To transmit data by a wireless communications system, digital modulation techniques are involved to achieve high spectral efficiency and spectrum utilization. Amplifiers in base stations of a wireless communication system must be more linear as compared with counterpart amplifiers used for an analog transmission system. In the USA, the Federal Communications Commission, FCC, mandates certain limits for spectral regeneration. These limits are specified to be met with respect to certain requirements, such as, power used, the number of users per channel, and various other requirements. Not only must an amplifier satisfy the FCC requirements, an amplifier for wireless data communications must be linear over an extended range of input and output power.
Amplifiers are grouped by their operating characteristics into various classes. A Class A amplifier output device always conducts appreciable current corresponding with an input signal, and operates with good linearity, but loses efficiency due to high heat losses. Additionally, power dissipation occurs even without input power being supplied during dormant transmission moments. Such an amplifier is suitable for digital systems, but its use for data transmission is limited by its unacceptable low efficiency. A Class AB amplifier is turned on for a duration equal to or more than 180 degrees of its input signal cycle, and due to its short cycle time, attains a higher efficiency at a sacrifice of precise control of its linearity. Such an amplifier at a typical efficiency of 25% is suitable for use with a QPSK, Q-phase-shift keying, and a digital transmission system such as CDMA, code division multiple access transmission system.

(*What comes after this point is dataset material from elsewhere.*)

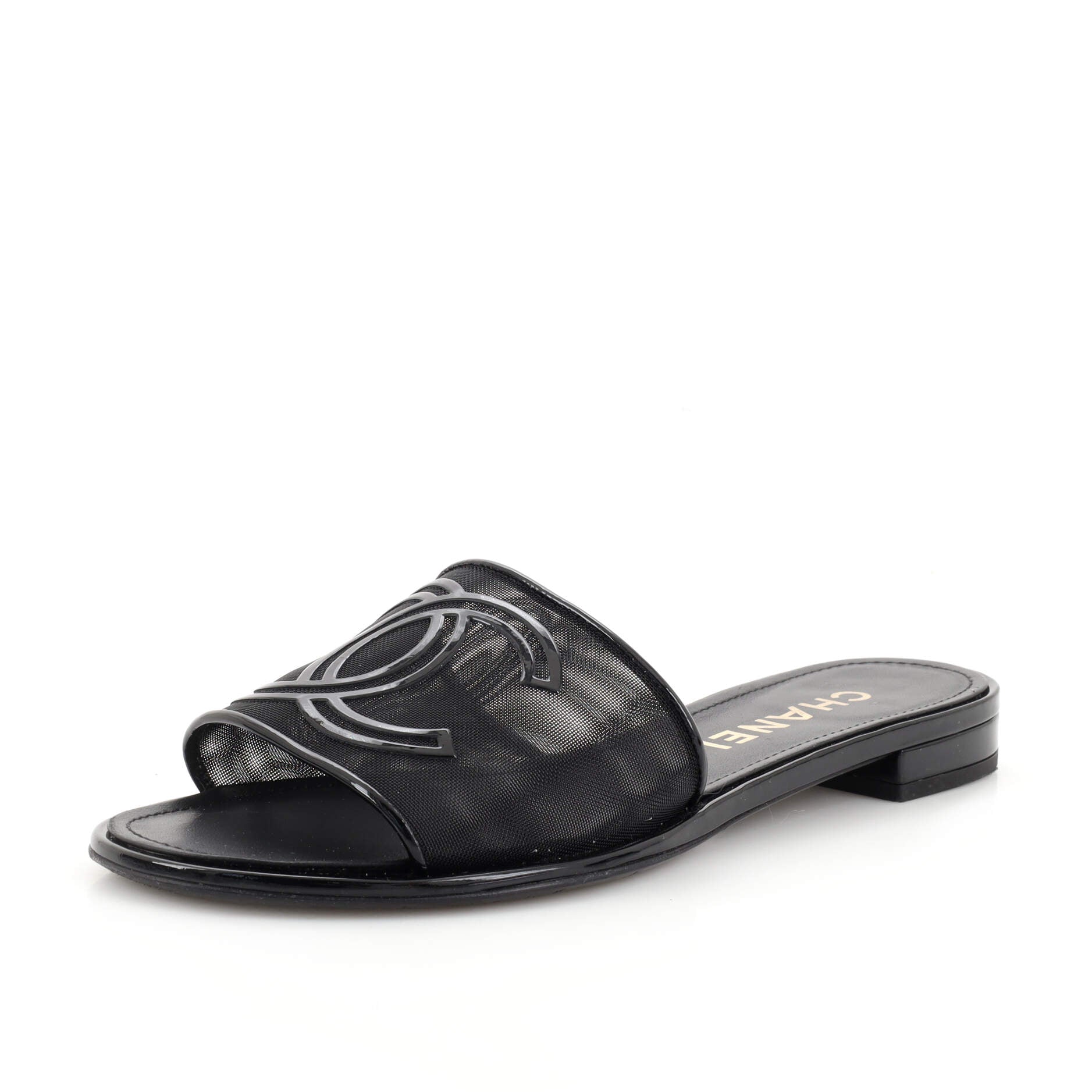 Women's CC Slide Sandals Mesh and Patent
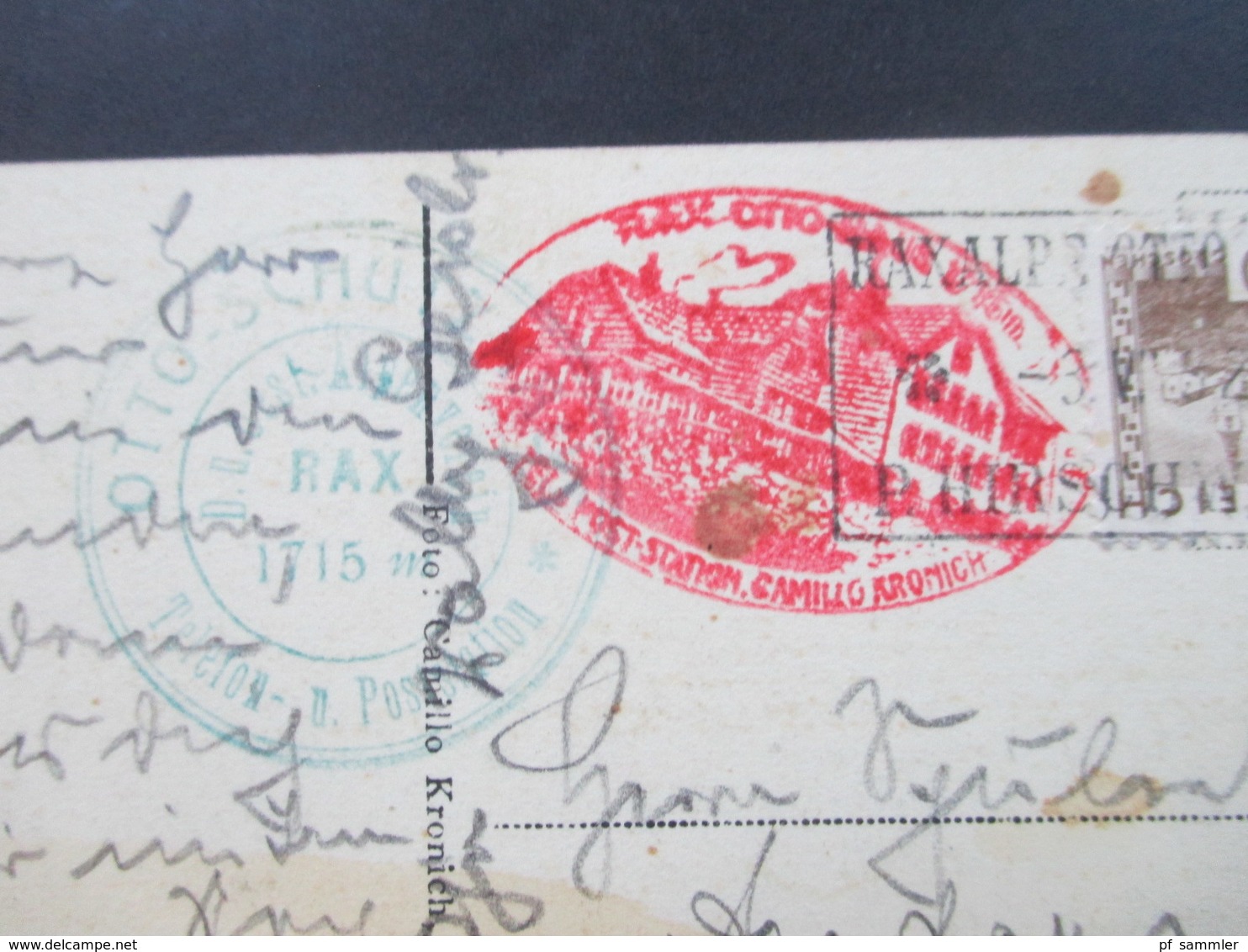 Österreich Postkarte Rax Mit Otto (Thörl) Schutzhaus Camillo Kronich Mit Hüttenstempel In Grün Und Rot! - Covers & Documents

According to known techniques, amplifier linearity is indicated by a graph depicting intermodulation power versus the output power of the amplifier. The intermodulation power results from distortion of the signal transferred by the amplifier. For a Class A amplifier the intermodulation power due to distortion directly increases with the power output of the amplifier. When graphed, such intermodulation power versus the power output is linear, and is depicted by an inclined, straight line, more or less. For a Class AB amplifier, a graph, indicating intermodulation power due to distortion versus output power, depicts a graphical line that visually reminiscent of an arc-tangent graphical line, with a central portion of the graphical line, in a narrow range, that is linear. A Class AB amplifier exhibits a desired linearity characteristic over the narrow range, which then degrades with both increased power and decreased power outside of the narrow range. Over an extended range of 20 dB, a variation in power of even a few dB is unacceptable. A problem to be solved is to provide an amplifier that has an optimum linearity over an extended range of output power, while retaining a high efficiency, and low intermodulation distortion. While the prior application to Vassilakis et al. has clear improvements in the linearity of a class AB amplifier by suitable adjustment of the bias to optimize linear performance accounting for temperature in input power, there is a need to optimize linearity for high power amplifiers (HPAs) over a prescribed frequency range.